__Work request__.
Write out every entry, unchanged. Skip any picture.

▼▼▼

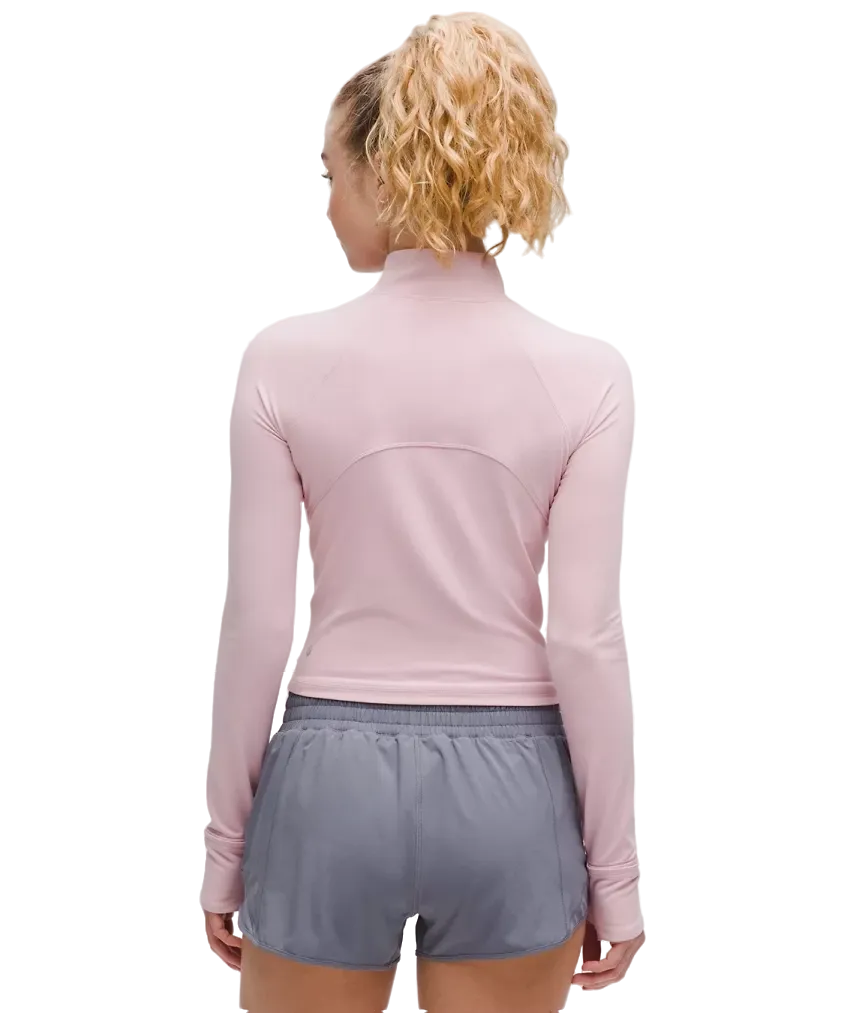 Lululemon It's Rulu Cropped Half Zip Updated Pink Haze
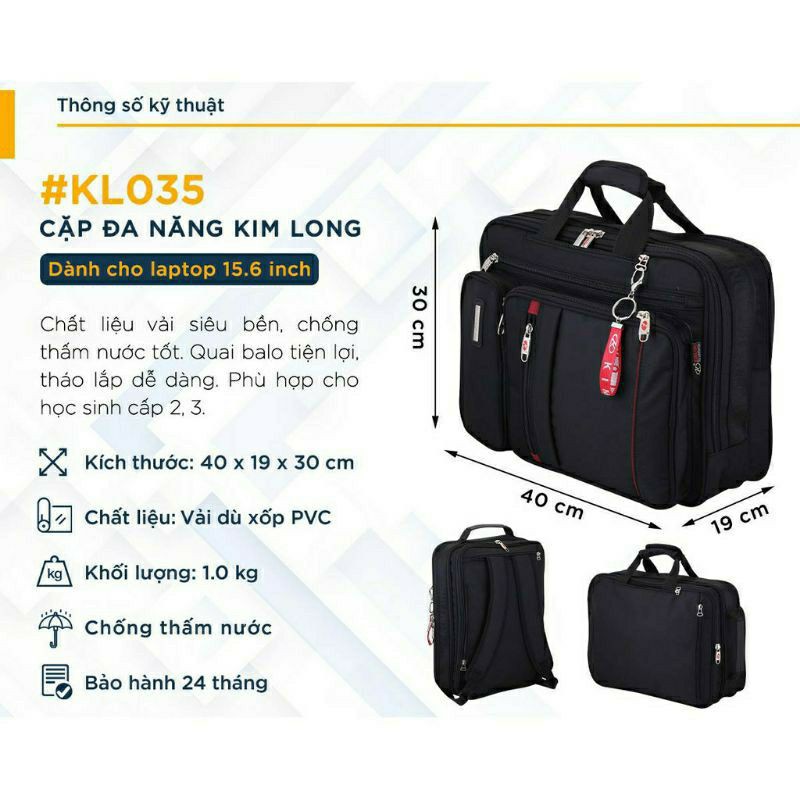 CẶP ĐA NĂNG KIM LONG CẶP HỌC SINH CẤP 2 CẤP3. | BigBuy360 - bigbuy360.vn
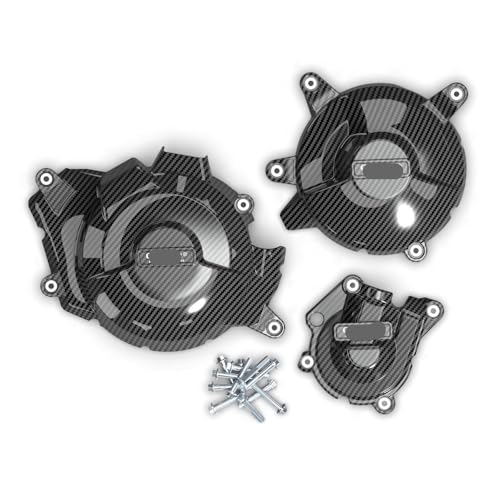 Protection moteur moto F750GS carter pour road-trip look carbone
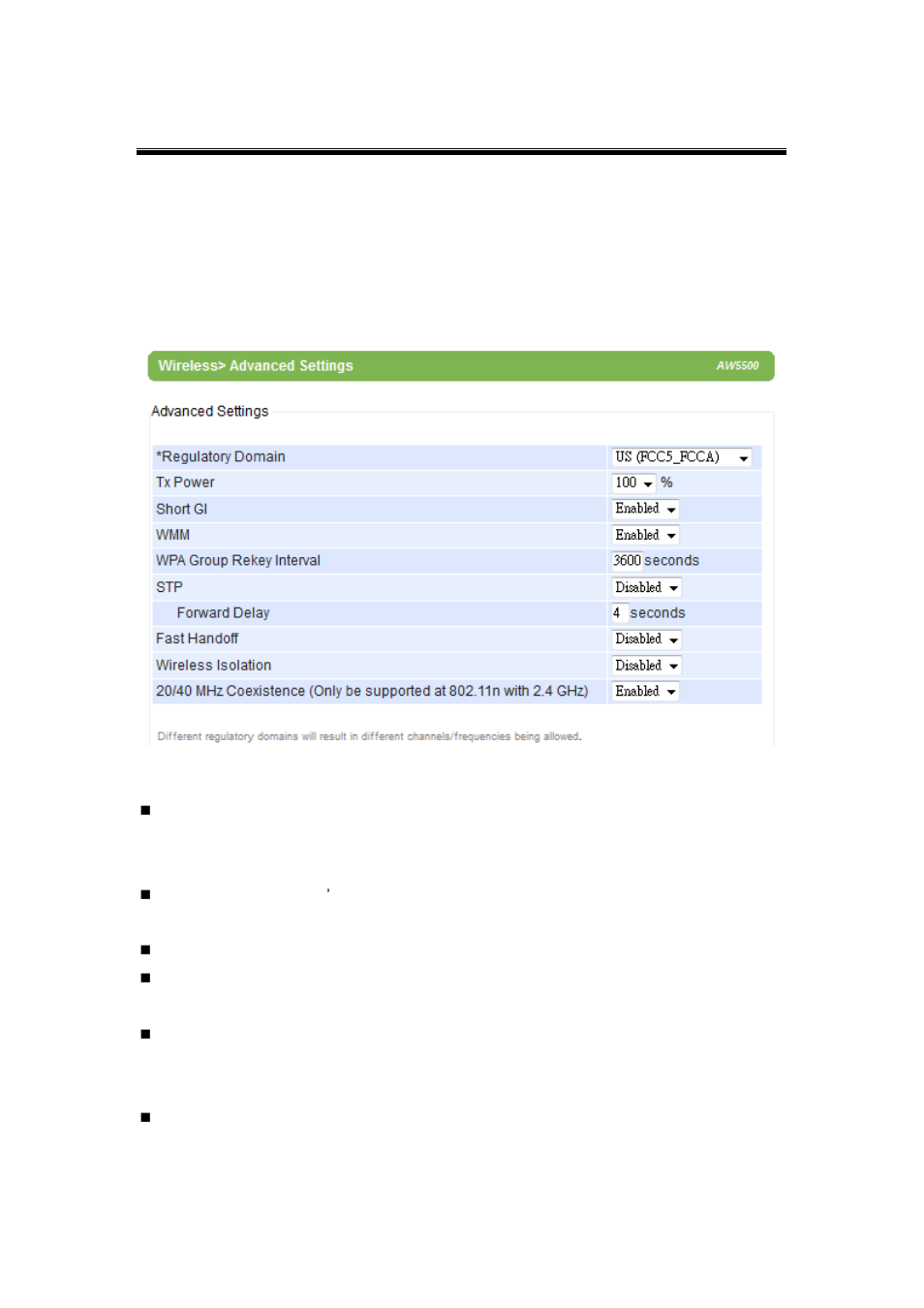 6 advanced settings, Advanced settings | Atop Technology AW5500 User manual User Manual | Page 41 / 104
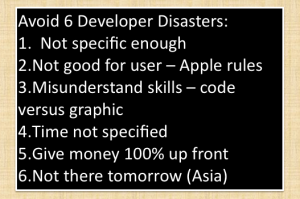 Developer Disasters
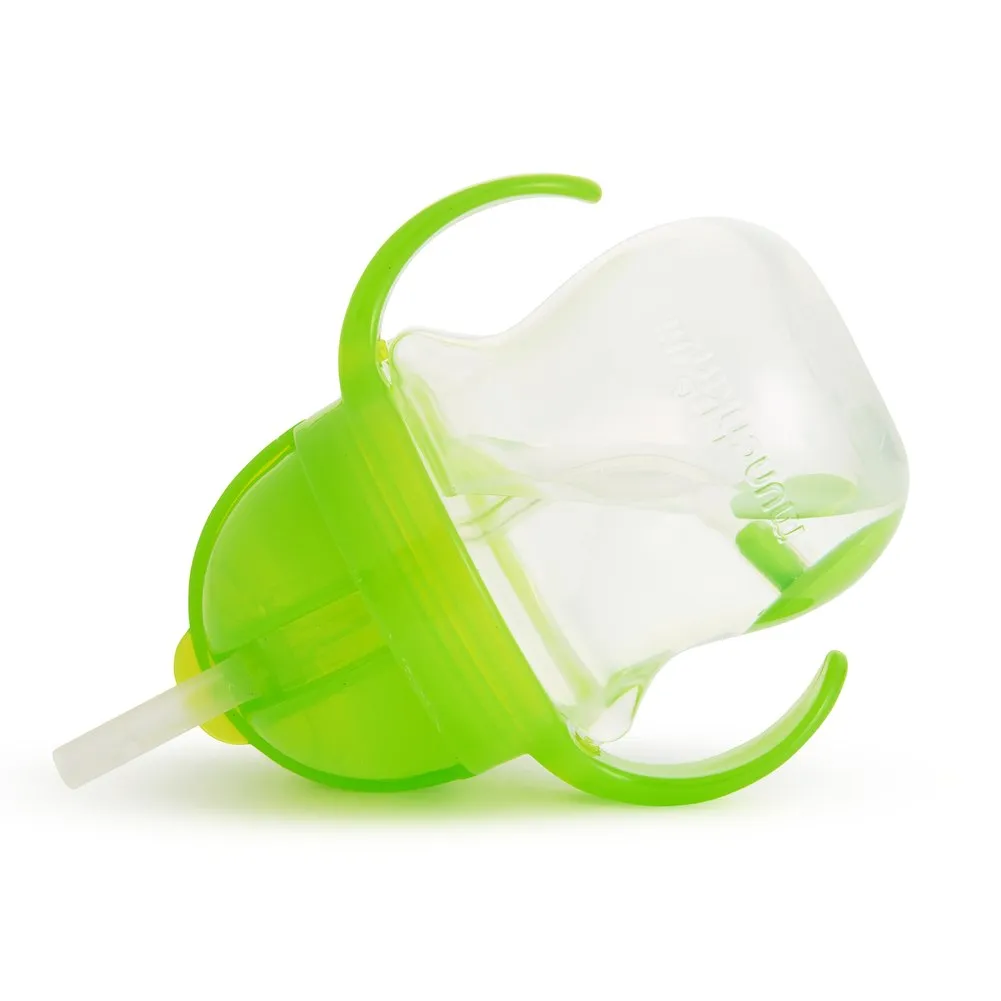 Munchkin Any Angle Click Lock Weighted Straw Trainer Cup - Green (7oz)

▲▲▲

__Expected output__.
 Lululemon It's Rulu Cropped Half Zip Updated Pink Haze
 CẶP ĐA NĂNG KIM LONG CẶP HỌC SINH CẤP 2 CẤP3. | BigBuy360 - bigbuy360.vn
 Protection moteur moto F750GS carter pour road-trip look carbone
 6 advanced settings, Advanced settings | Atop Technology AW5500 User manual User Manual | Page 41 / 104
 Developer Disasters
 Munchkin Any Angle Click Lock Weighted Straw Trainer Cup - Green (7oz)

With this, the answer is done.